Summary: Mid-term outcomes after double level osteotomy showed slight under-correction compared to the preoperative planning and small amount of recurrence of bone/joint deformity over time; however, postoperative clinical improvement was maintained until 5 years. Clinical outcomes were significantly inferior in the under-corrected group with residual varus of less than 2° of HKA.


[Objectives] Double level osteotomy (DLO) is indicated for symptomatic severe varus osteoarthritic (OA) knees with the intent of restoring physiologic joint alignment and bony geometry. Although satisfactory short-term outcomes of this procedure have been reported, there is a paucity of information regarding its mid-term clinical outcomes. Therefore, the purpose of this study was to examine the mid-term outcomes following DLO and analyze the relationship between the radiological and clinical outcomes.

Method

This retrospective study was composed of a consecutive series of 26 patients (36 knees) with a mean age of 62.4 years (range, 52-75) who underwent DLO for severe varus OA knees. All patients could be followed up for a minimum of 5 years.
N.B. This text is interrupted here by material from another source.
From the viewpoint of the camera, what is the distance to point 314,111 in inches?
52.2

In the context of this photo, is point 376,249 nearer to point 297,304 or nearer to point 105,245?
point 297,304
DLO was adopted when there were combined varus deformities both in the distal femur and proximal tibia, and the postoperative hip-knee-ankle angle (HKAA) was aimed at +1° valgus. Clinical outcomes were assessed using the Knee Injury and Osteoarthritis Outcome Score (KOOS), while radiological parameters including lateral distal femoral angle, medial proximal tibial angle, joint line convergence angle (JLCA) and HKAA were measured in the radiological evaluation. In the data analysis, the influences of pre- and postoperative geometric parameter values on the radiological and clinical outcomes as well as the relationship between the radiological and clinical outcomes at the follow-up were statistically assessed.

Results

Clinical score using the KOOS was significantly improved from 190 ± 76 before surgery to 393 ± 78 at 2 years and the clinical improvement had been maintained at 5 years (384 ± 78). Radiological evaluation showed that the HKAA was corrected from -13.2° ± 3.0° varus to -0.4° ± 3.1° varus at 2 years, which indicated under-correction as compared to the intended value. Thereafter, a small amount of varus recurrence was observed at 5 years with the mean HKAA decreased by 1.2° ± 3.6°. While JLCA was decreased from 6.2° ± 2.4° preoperatively to 3.7° ± 1.9° at 2 years, the value measured at 5 years increased again to 4.8° ± 2.1°. When the study subjects were divided into the under-corrected group with the HKAA of less than -2° (n=15, 41.7 %) and the other group of the remaining knees (n=21), the mean KOOS score in the former group was significantly lower than that in the latter group (342 ± 91 vs 413 ± 51, p<0.01).

Conclusions

The present study results with mid-term follow-up evaluation showed slight under-correction and small amount of recurrence of bone/joint deformity over time; however, postoperative clinical improvement was maintained until 5 years. Analysis of the relationship between the radiological and clinical outcomes showed that the clinical outcomes were significant inferior in the under-corrected group exhibiting residual varus.